If you aren't hosting public channels, I don't think it matters.
So if you're running a chatroom for you and your
friends/family to
chat, in the same way that you have a family groupchat on WhatsApp,
then I see no reason to need to register.
However you are also storing their account information, which is the
grey area here.
Yes and no.
The builder doesn't need to ask for consent for names and addresses,
but the building work itself is still optional. A chatrooom is indeed
an optional thing to have on a server - but if it's there, there are
some fundamental requirements in order to provide that service.
So as long as you can justify that the data is reasonable to store
without consent in order for the service to function to the full extent
the user wants, asking for consent is not required?
Ah... If you were using it in that way, then maybe it
would be a
service.

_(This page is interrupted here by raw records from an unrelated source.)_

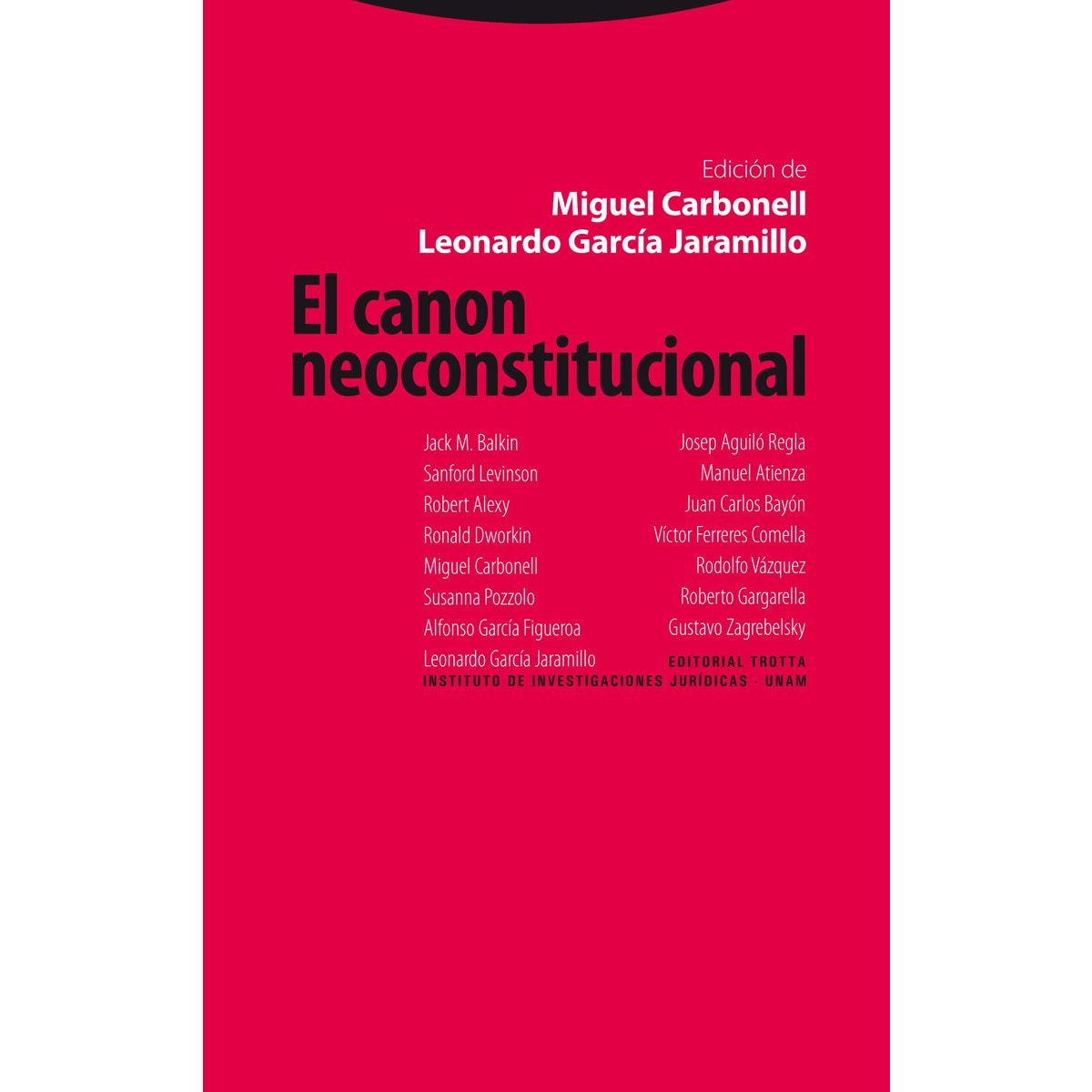 El canon neoconstitucional(Tapa blanda) 1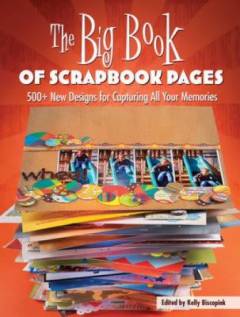The big book of scrapbook pages : 500+ new designs for capturing all your memories
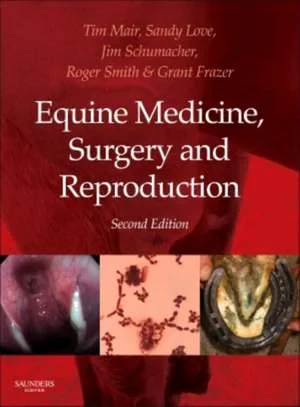 Coperta cărții "Equine Medicine, Surgery and Reproduction" de Tim Mair, Sandy Love, James Schumacher, Roger K. W. Smith, Grant Frazer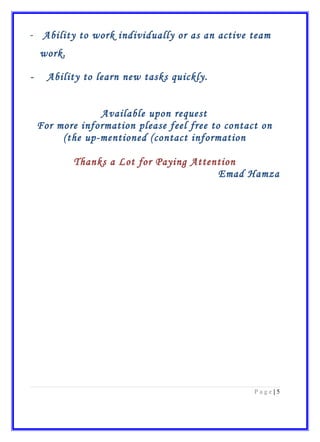 - Ability to work individually or as an active team
work.
- Ability to learn new tasks quickly.
Available upon request
For more information please feel free to contact on
the up-mentioned (contact information(
Thanks a Lot for Paying Attention
Emad Hamza
5|P a g e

But if it's simply ancillary to sending cat GIFs, then not
so much.
More grey area?
The ICO mentions loads, actually, but personal use
isn't one of them -
that's simply out of scope entirely for the GDPR.
The entire idea is to fall outside of the scope of GDPR :P
I guess the easiest thing to do is simply to register... but I am
unsure how that would work if you are exempt... pay anyways is fine?
Most home services are things like a personal blog,
and there's been
lots written about those. An XMPP server is something different, but
unless you're offering that as a service, I'm unconvinced it falls
into scope. (And if you are, I'm pretty sure it does).
Where you would personally think the definition of offering as a
commercial service would draw the line?
If it is used to simply relay messages between friends and family,
surely that is exempt? even if you are storing data on them.
The EU Stupid Cookie Law has been copied to UK law,
and isn't part of
the GDPR.
Sucky law.
Yippee, what a great time to be in the tech industry, one mess up and
you are in a heap of legal trouble.
Yes, but it's not the client's responsibility
since they are neither
the controller nor processor at this point.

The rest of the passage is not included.